Segundo a Anac, os três maiores aeroportos do país respondem, juntos, por 30% do transporte de passageiros aéreos no Brasil, 57% das cargas e 19% da movimentação de aeronaves. O órgão regulador vai fiscalizar o cumprimento dos contratos de concessão e pode aplicar multas de até R$ 150 milhões em caso de atraso na entrega das obras, com prazo fixado de 18 meses. As tarifas não sofrerão reajustes neste ano, embora a Anac tenha autorizado aumento de 4% no resto do país.

O ministro da Secretaria de Aviação Civil (SAC), Wagner Bittencourt, comemorou o resultado. Para ele, os valores expressivos confirmaram o forte interesse de investidores e a impressão de que o Brasil tem baixo risco e boas condições de financiamento. "O país tem boas perspectivas de crescimento, sobretudo no setor aeroportuário, que continua crescendo a dois dígitos", disse. Ele lembrou que os concessionários deverão investir cerca de R$ 16 bilhões nos três aeroportos durante a concessão, sendo R$ 2,9 bilhões antes da Copa de 2014.

Por enquanto, o modelo criado pelo governo, que exigia a presença de grandes empresas nacionais de infraestrutura aliadas a administradores estrangeiros de aeroportos, conseguiu se viabilizar apesar do pouco tempo para as negociações. Foram sete meses entre a decisão do governo e os leilões, obrigando a tomadas de decisão e análises econômicas num período recorde.

Oportunidades "Somente com o tempo poderemos perceber se as apostas foram altas demais. Num momento semelhante à privatização das telecomunicações, ficou clara a percepção de que o Brasil será outro em 15 anos", avaliou Adelmo Emerenciano, sócio do escritório de advocacia Emerenciano, Baggio e Associados e um dos representantes de investidores nos leilões.

Ele acredita que os valores são condizentes com as oportunidades, a exemplo do elevado ágio (R$ 7 bilhões) pago pelo Banco Santander na venda do Banespa, em 2000. "Quem deu ágio maior logo de cara viu potencialidade que os outros não enxergaram", ressaltou o secretário executivo da SAC, Cleverson Aroeira.

No geral, os representantes dos consórcios vencedores e derrotados duvidam que poderá haver alguma reviravolta no processo de concessão dos três aeroportos leiloados.
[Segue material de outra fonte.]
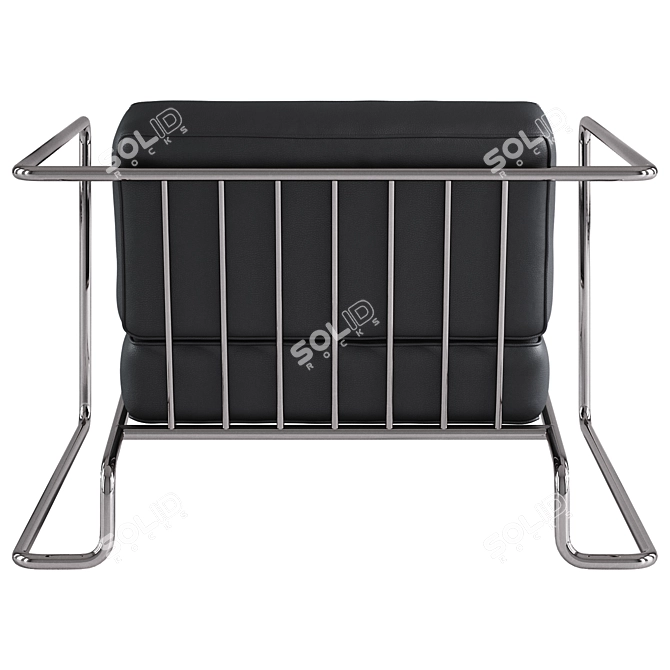 Elegant Saga Lounge Chair Fusion 3D model image 3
Hoje, será feita na BM&FBovespa a abertura do terceiro lote de envelopes dos candidatos, em que estão documentos com garantias financeiras e jurídicas dos lances. "Pelo nível da disputa e dos grupos envolvidos, é improvável que ocorra alguma impugnação", sublinhou o assessor jurídico de um consórcio. Caso o cronograma se desenvolva sem percalços, os gestores privados podem assumir em definitivo no começo de maio.
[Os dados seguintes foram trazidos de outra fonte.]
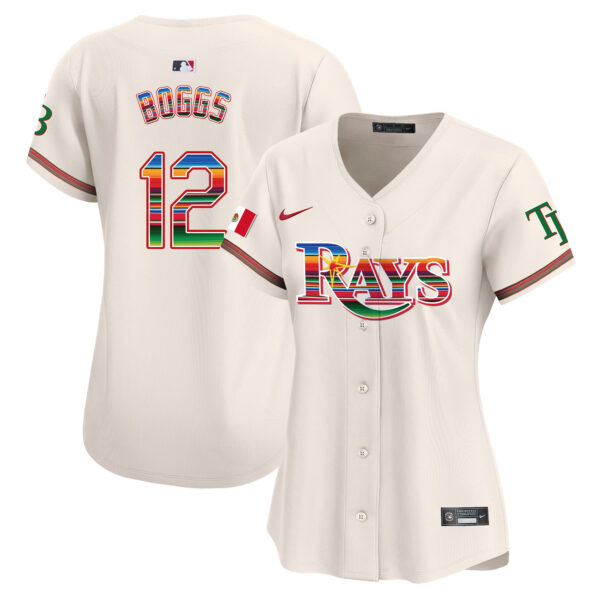 Women's Tampa Bay Rays Mexico Vapor Premier Limited Jersey - All Stitched - Image 41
Antes disso, a assinatura dos contratos deverá ser feita em até 45 dias após a homologação do leilão. Haverá, depois, uma transição de seis meses, prorrogável por mais seis meses, na qual a concessionária administrará o aeroporto em conjunto com a Companhia Brasileira de Infraestrutura Aeroportuária (Infraero). No capital societário de todas as Sociedades de Propósito Específico (SPE) que serão criadas para tocar a operação e os investimentos nos terminais, a estatal terá 49%. A Infraero, que opera 66 aeroportos no país, continuará com 63 e será sócia minoritária dos três concedidos. (Colaborou Juliana Braga)

Destino do dinheiro Além do valor arrecadado ontem com os leilões, que será pago em parcelas anuais corrigidas pela inflação, os três concessionários recolherão uma contribuição variável. Ela será de 2% sobre a receita bruta da concessionária em Brasília, de 5% em Campinas e de 10% em Guarulhos. Toda a arrecadação será usada pelo Fundo Nacional de Aviação Civil (Fnac) para viabilizar aeroportos menos atraentes. O país tem cerca de 700 terminais aeroportuários, a maioria municipal e em péssimas condições.